What Is Included in a Building Inspection?




Building and Pest Inspector - checking column

You’ve found your dream home and you’re ready to buy. But before you sign on the dotted line, you need to make sure everything is in tip-top shape. That’s where a building inspection comes in. These inspections are a standard part of the home buying process in Australia. During one, a professional inspector will scrutinise the property inside and out, checking for issues that could cost you big bucks down the road. What exactly do they look for during these inspections? And how do you make sure you get the most out of yours? Stick with us as we walk through everything that’s included in a standard Australian building inspection. You’ll learn what areas they examine, what tools they use, what problems they look for, and how their reports can protect your investment in your new home. Let’s dive in!

Understanding Building Inspections in Australia

In Australia, a building inspection is a visual assessment of a property’s structure and systems to identify any major defects or safety issues before you purchase.

In Australia, building inspections are governed by specific standards and legal frameworks to ensure thoroughness and compliance. The Australian Standard AS 4349.1 is a key guideline that outlines the requirements for pre-purchase residential building inspections. This standard ensures that inspections are conducted comprehensively, covering both the interior and exterior of a property, and addressing potential issues or defects​​.
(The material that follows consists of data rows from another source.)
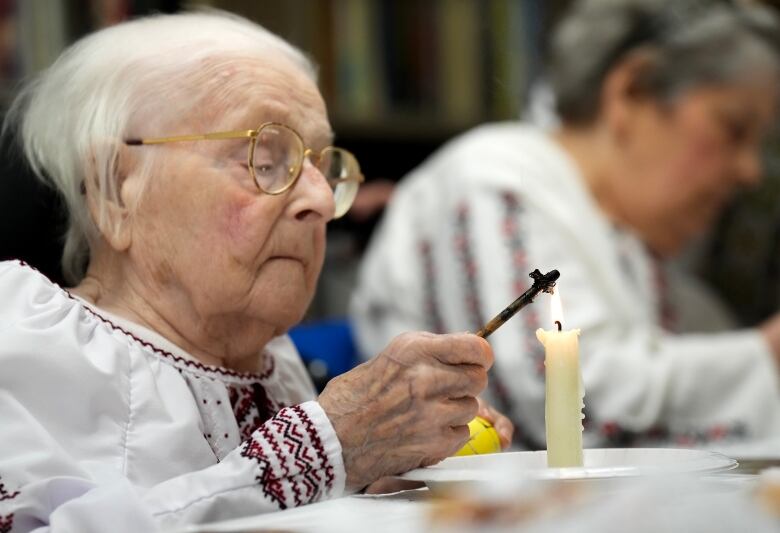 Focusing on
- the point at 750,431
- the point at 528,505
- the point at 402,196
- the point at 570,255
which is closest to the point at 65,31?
the point at 402,196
A good inspection report, as per AS 4349.1, should be clear, detailed, comprehensive, and unbiased. It should cover all inspected areas in detail, including any defects or potential issues found. This report is a vital tool for prospective buyers, providing a clear understanding of the property’s condition​​.

Legal requirements also extend to the compliance of building codes and regulations. The Building Code of Australia (BCA) and the National Construction Code (NCC) set mandatory standards for safety, health, and sustainability in residential buildings​​. These codes are crucial for ensuring that buildings are designed and constructed to meet required standards, thereby safeguarding the interests of homeowners and residents.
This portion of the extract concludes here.